一回吐いたらもう出し切ったと思ったのと、脱水症状になるのは良くないと思ったため、リビングで麦茶を飲んだ(ちょうど我が家にはスポドリも経口補水液もなく、よりミネラルが含まれているのは鶴瓶の麦茶だろうと思ったため)。しかし後から知ったことだが、吐いた後はうがいをするのみでしばらく絶飲食の方がいいそうだ。案の定また吐いた。今度はトイレに行く余裕があったので汚さなかったが、さすがにふらふらだった。胃酸のにおいって、なんでこんなに不快なんだと思った。ちょっと貧血っぽくもなっていたのかもしれない。結局そのまま1時間半ほどぼんやりし、4時ごろに寝た。

〈1月25日〉

早朝、ポケモンスリープのアラームが、元気な時の私が設定した時刻をお知らせしてくれた。起きても何も食べられる気がせず、またかなり余裕を持った時間にアラームをかけていたため、ふらふらのろのろと顔を洗い、ぼーっとし、着替え、ぼーっとして、最後の荷づくりをした。着ようと思っていた服は、もし旅行中に吐いて汚して廃棄……となった場合あまりにもつらすぎるため、スーツケースに詰めてホテルで観劇直前に着替えることにした。髪を整える余裕すらなく、髪が変な方向にビヨンビヨンはねていて、すっぴんの上顔色も悪く、毛玉だらけのスウェットにジーパンの出で立ち。
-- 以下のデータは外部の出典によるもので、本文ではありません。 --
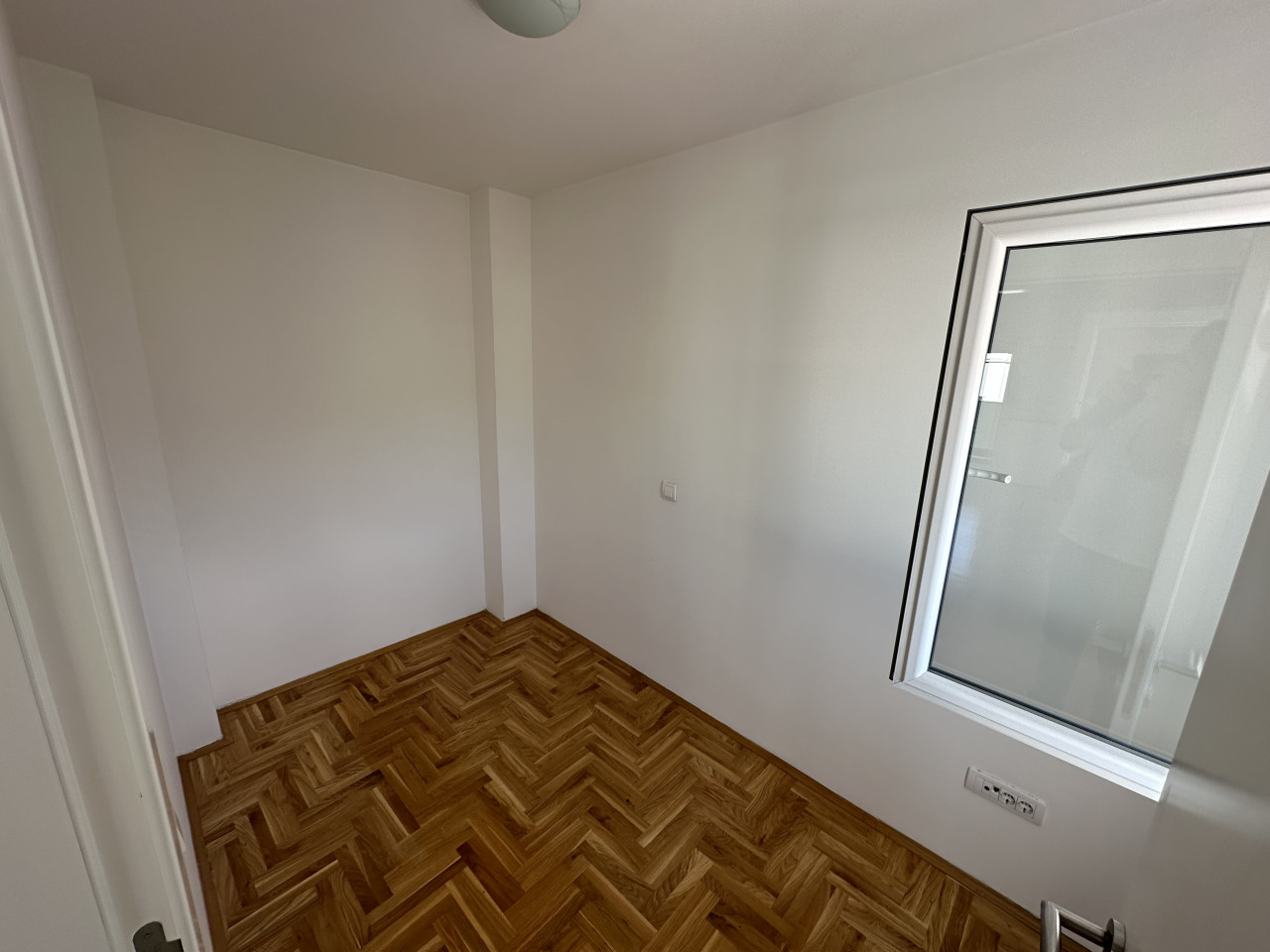 Nenamješten trosoban stan u centru - 48 m2 7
とてもこれから文化の中心地TOKYOに観光に行く人間とは思えない。
朝になって嘔吐は収まったが、今度は腹を下すようになった。ただ、私は常日頃から特に何もなくてもお腹を下しているような人間である。褒められることではないが、いつもの感じと言えばいつもの感じなので少し安心した。安心するところではない。ただ、下痢以外に発熱などの諸症状はないためその点は安心である。嘔吐が収まったので他人に迷惑をかけることもないだろう。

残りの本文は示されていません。